Australian State Pair Launch Sugar Cane Plastic Option

SYDNEY — Sugar cane could be the answer to Australia’s enormous plastic pollution problem, a pair of Sydney-based entrepreneurs say.

About 70 billion pieces of soft “scrunchable” plastics are used in Australia each year, many of which are food packaging.

Very little is recycled, and much of it ends up in landfills or the ocean.

That’s a problem Grounded Packaging set out to solve by creating a food packaging alternative that works like plastic but without any of the harmful impacts to the environment.

Former restaurateur Ben Grant, who co-founded the business with Josh Kempton, knows how difficult it is to find affordable and functional alternatives to plastic.

“We were trying to be as conscious as we could,” said Grant, “but there was a particular pain point in trying to understand packaging and the options available to you.”

“The problems or issues with some of those materials are that they’re costly, prohibitively so … and they’re limited in their functionality.”

That’s what led the pair to develop their BioPE material.

Made from sugar cane fibers, it is entirely recyclable and carbon-negative — meaning more carbon is captured during the process of creating the product used.

It can also store oily and wet foods and liquids forced to rely on plastic packaging in the past.

“One of the reasons why we’re excited about it is the potential that it has to have positive impacts on an enormous scale,” Grant said.

“It can be manufactured using traditional manufacturing equipment, and the raw material is starting to become more and more abundant.”
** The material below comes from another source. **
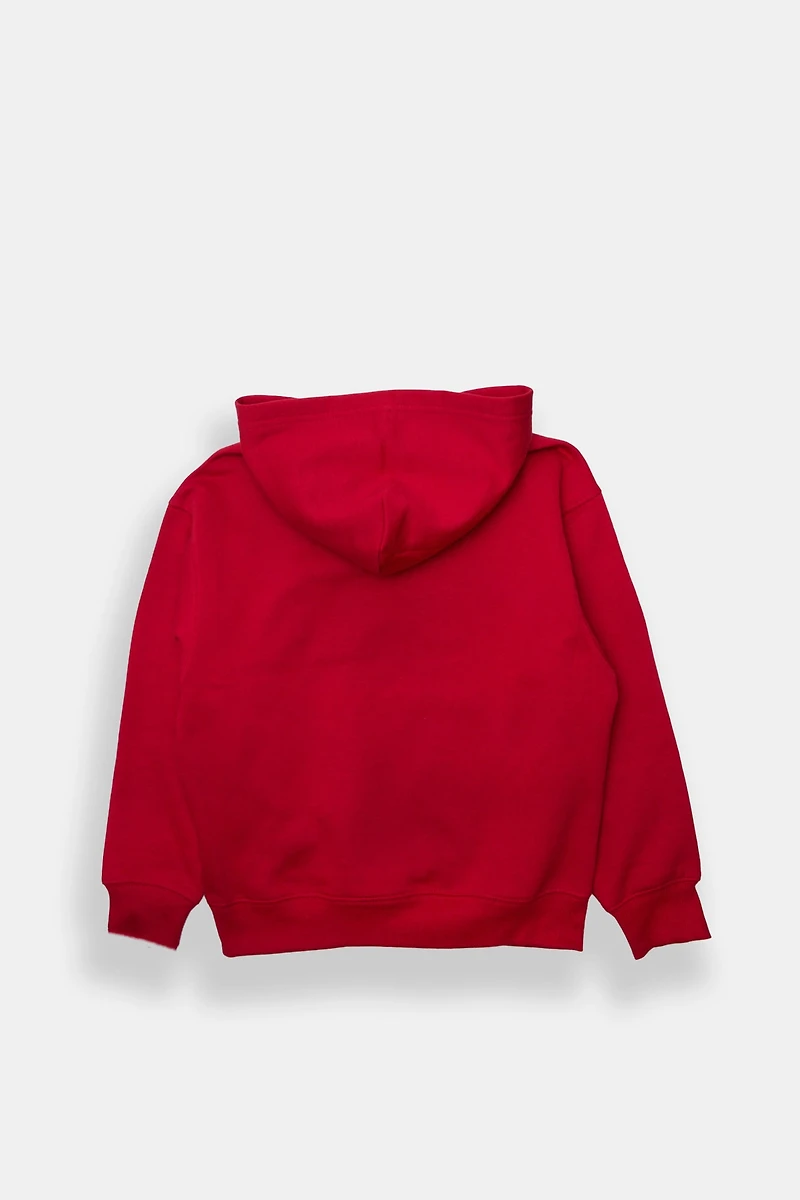 Zoo York Youth Tonal Box Logo Hoodie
It’s also far more affordable than other plastic alternatives, at about one-and-a-half times the cost of traditional plastic.

“To put that into context, a lot of the other alternative materials that are on the market currently are anywhere from two to four times the cost,” Grant said.

With the industry rapidly growing, the material should become cost-competitive with plastic in a few years, he says.

The product has been tested with companies in the U.S. and U.K., including London coffee roasters Flying Horse, and is now available to Australian businesses.

Grant said it was no silver bullet, but he hoped it would make sustainable practices more accessible for businesses.

“Plastics are dramatically overused but a lot of businesses feel like it is too complex or too hard to be making changes,” he said.

“I would encourage people to look out here because some exciting technologies are starting to emerge that can help solve the problem.”